──────── MATERIAL FOR THIS TASK ────────
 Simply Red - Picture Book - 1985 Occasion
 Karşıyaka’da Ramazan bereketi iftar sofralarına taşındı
────────
──────── MATERIAL FOR THIS TASK ────────
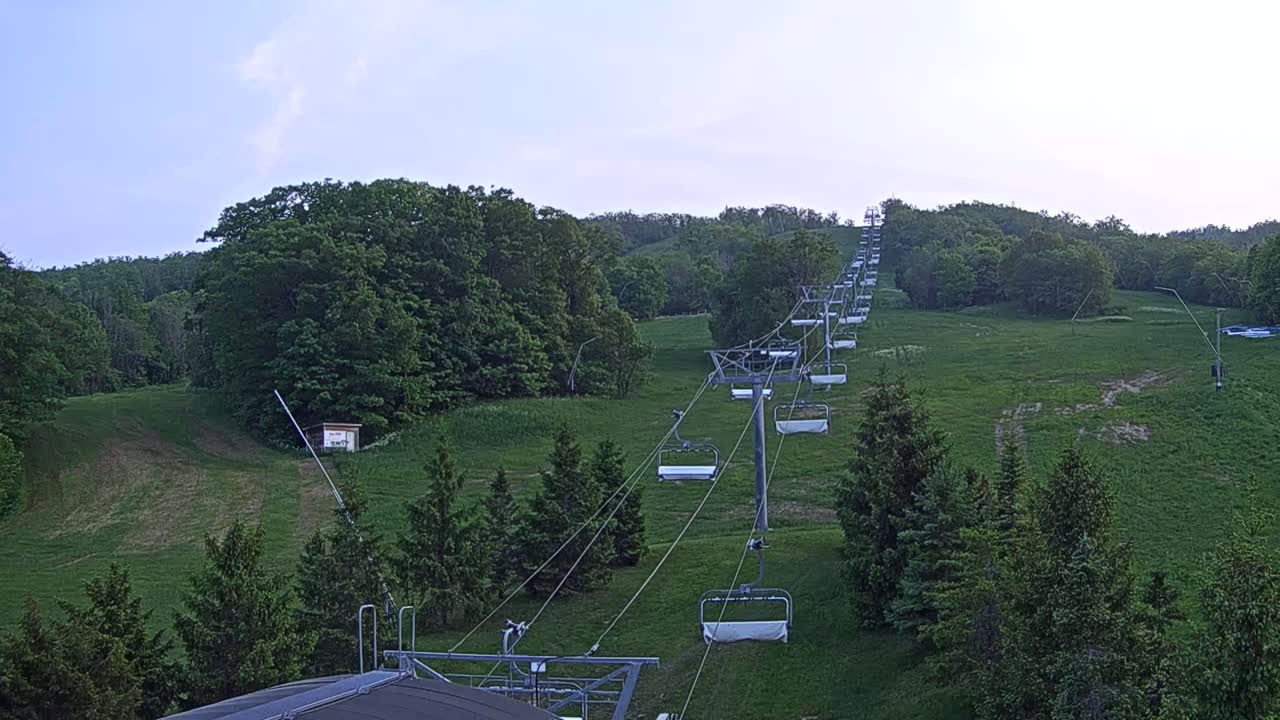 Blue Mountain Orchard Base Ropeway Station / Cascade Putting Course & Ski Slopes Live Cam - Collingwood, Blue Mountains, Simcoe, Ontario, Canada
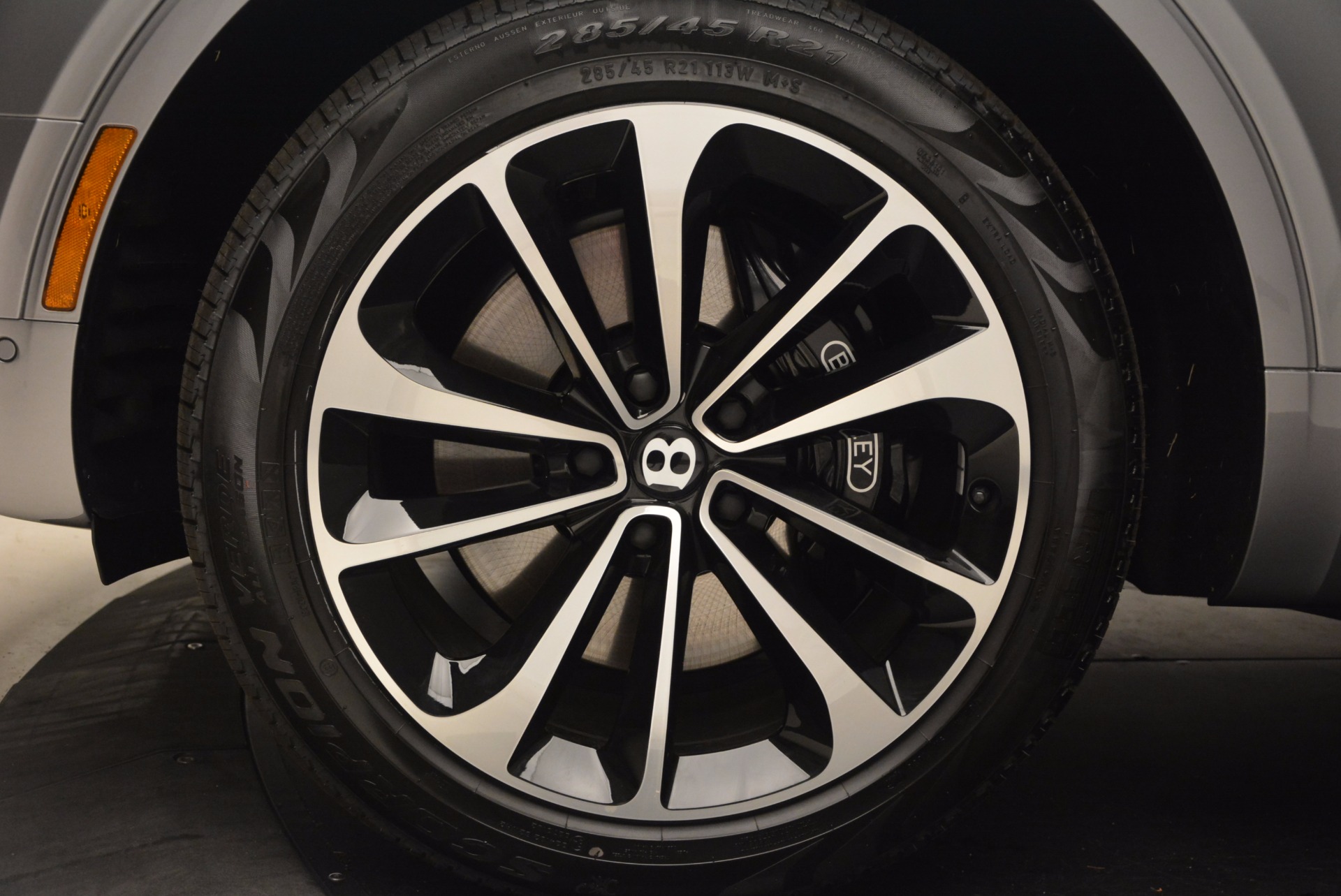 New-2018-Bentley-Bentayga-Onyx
────────
[WHAT TO WORK ON] Begin at the line above that has "Simply Red - Picture Book - 1985 Occasion" and stop after the line that has "Karşıyaka’da Ramazan bereketi", copying each line exactly and adding nothing else.

[ANSWER TO THE PROBLEM]
 Simply Red - Picture Book - 1985 Occasion
 Karşıyaka’da Ramazan bereketi iftar sofralarına taşındı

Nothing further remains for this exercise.